Il primo punto da chiarire è quindi il seguente: perché, il 3 giugno 2008, il dottor Speciale rivende il bolide acquistato appena 11 mesi prima a soli 1.355 euro? Come mai ad Alessandro Alfano, fratello dell’appena nominato ministro della Giustizia Angelino, accade di trovarsi dinanzi a un simile affare? Parliamo di ben 20 mila e 845 euro in meno. Certo, si dirà, in quanti avrebbero esitato, dinanzi a un’occasione di questo tipo?
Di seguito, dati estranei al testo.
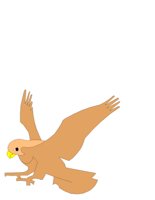 HAWK.CGM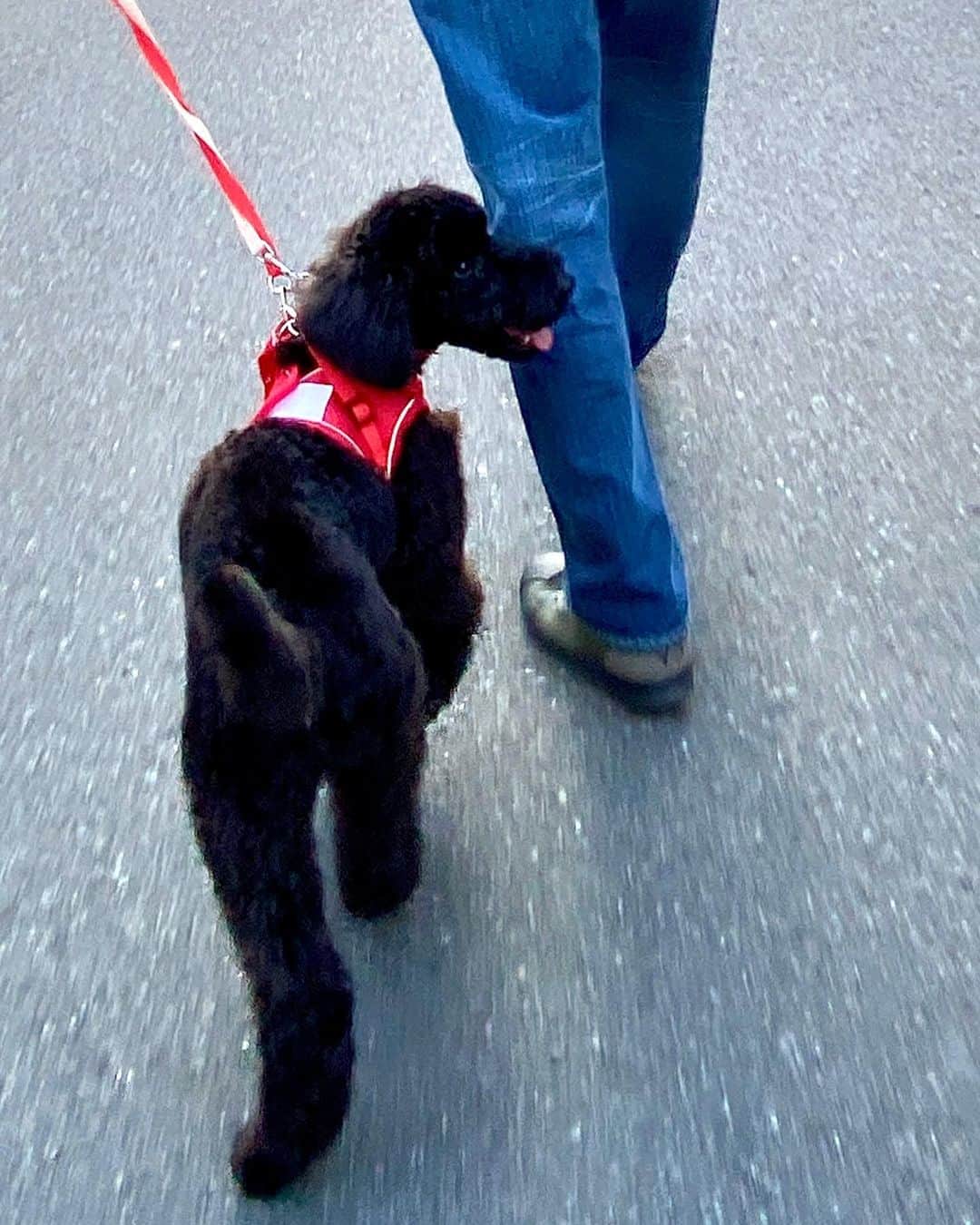 遠藤憲一さんのインスタグラム写真 - (遠藤憲一Instagram)「保護犬に会ってきました」11月16日 15時52分 - enken.enstower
Ma da cosa è motivato questo incredibile sconto? Il Fatto ha provato inutilmente a contattare il venditore. C’è però un secondo punto da chiarire: quella Porsche, Alfano junior, non la tiene con sè molto tempo. Appena due anni dopo, il 31 maggio 2010, Alessandro Alfano la rivende a Giuseppe Pace. Questa volta il prezzo è giusto: 20mila euro. Salvo ulteriori sorprese e spiegazioni, insomma, Alessandro Alfano ci guadagna ben 18mila e 645 euro. Al di là del fiuto per gli affari, però, il punto è anche un altro, come Report ha sottolineato nel servizio in onda ieri: chi è Giuseppe Pace? Parliamo dell’attuale presidente della Camera di Commercio di Trapani. La stessa dove ha lavorato, come segretario generale il fratello del ministro.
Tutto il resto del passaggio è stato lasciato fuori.